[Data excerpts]

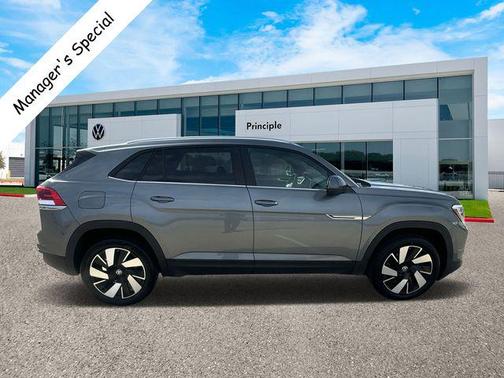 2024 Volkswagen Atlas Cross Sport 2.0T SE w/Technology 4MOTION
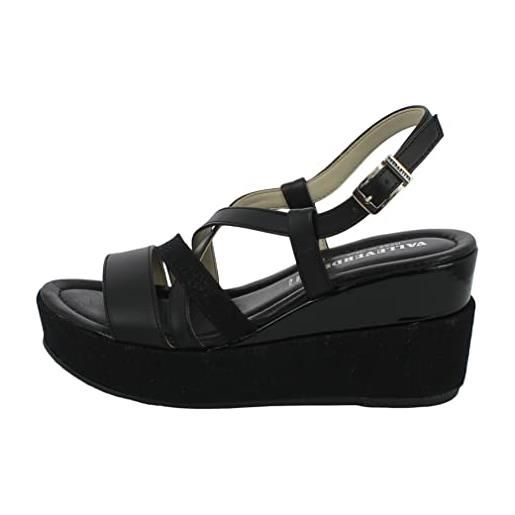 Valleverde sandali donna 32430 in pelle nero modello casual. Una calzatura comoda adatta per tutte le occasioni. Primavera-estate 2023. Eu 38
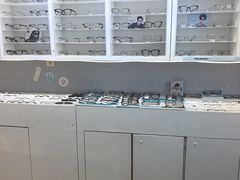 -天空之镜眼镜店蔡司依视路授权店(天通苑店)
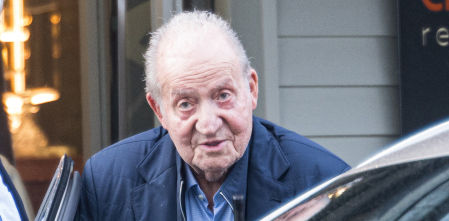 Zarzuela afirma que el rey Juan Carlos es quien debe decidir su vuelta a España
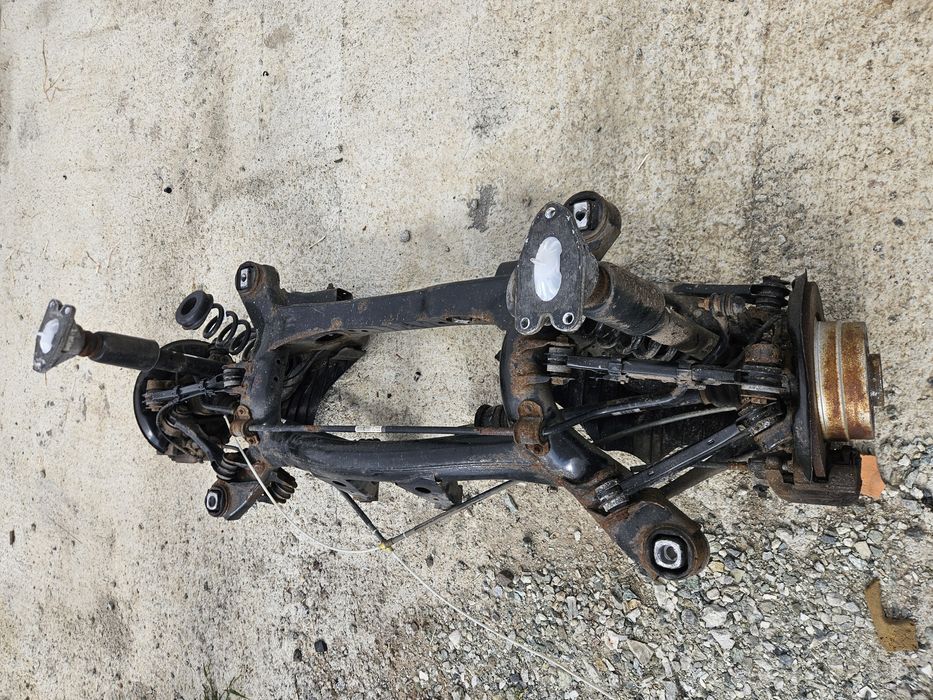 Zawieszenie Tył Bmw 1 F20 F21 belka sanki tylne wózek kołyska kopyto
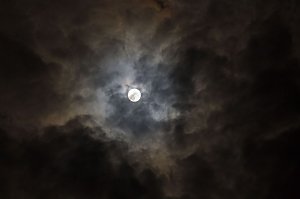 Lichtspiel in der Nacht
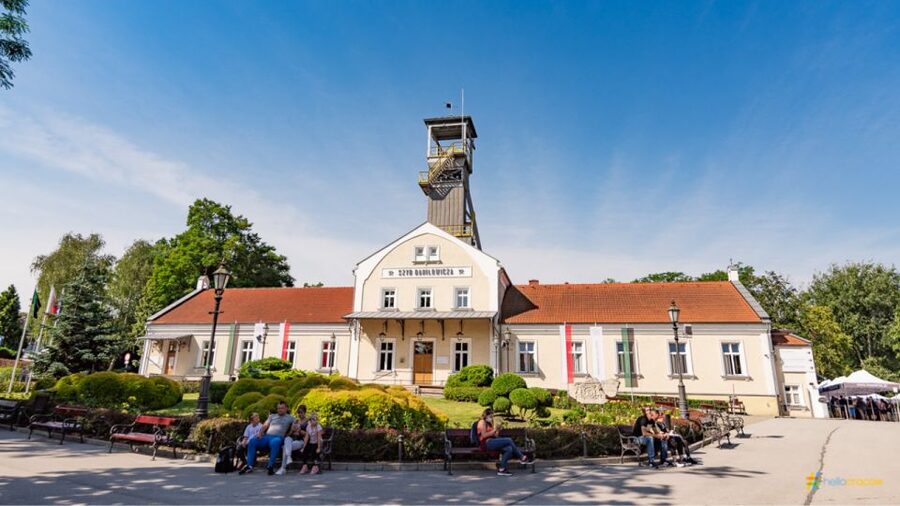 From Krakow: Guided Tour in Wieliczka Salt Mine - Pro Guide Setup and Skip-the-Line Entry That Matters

> What you need to do
Begin at the first line of the data above and repeat each line exactly, stopping after the line containing "Zawieszenie Tył Bmw". Omit the pictures.

> Your response
 2024 Volkswagen Atlas Cross Sport 2.0T SE w/Technology 4MOTION
 Valleverde sandali donna 32430 in pelle nero modello casual. Una calzatura comoda adatta per tutte le occasioni. Primavera-estate 2023. Eu 38
 -天空之镜眼镜店蔡司依视路授权店(天通苑店)
 Zarzuela afirma que el rey Juan Carlos es quien debe decidir su vuelta a España
 Zawieszenie Tył Bmw 1 F20 F21 belka sanki tylne wózek kołyska kopyto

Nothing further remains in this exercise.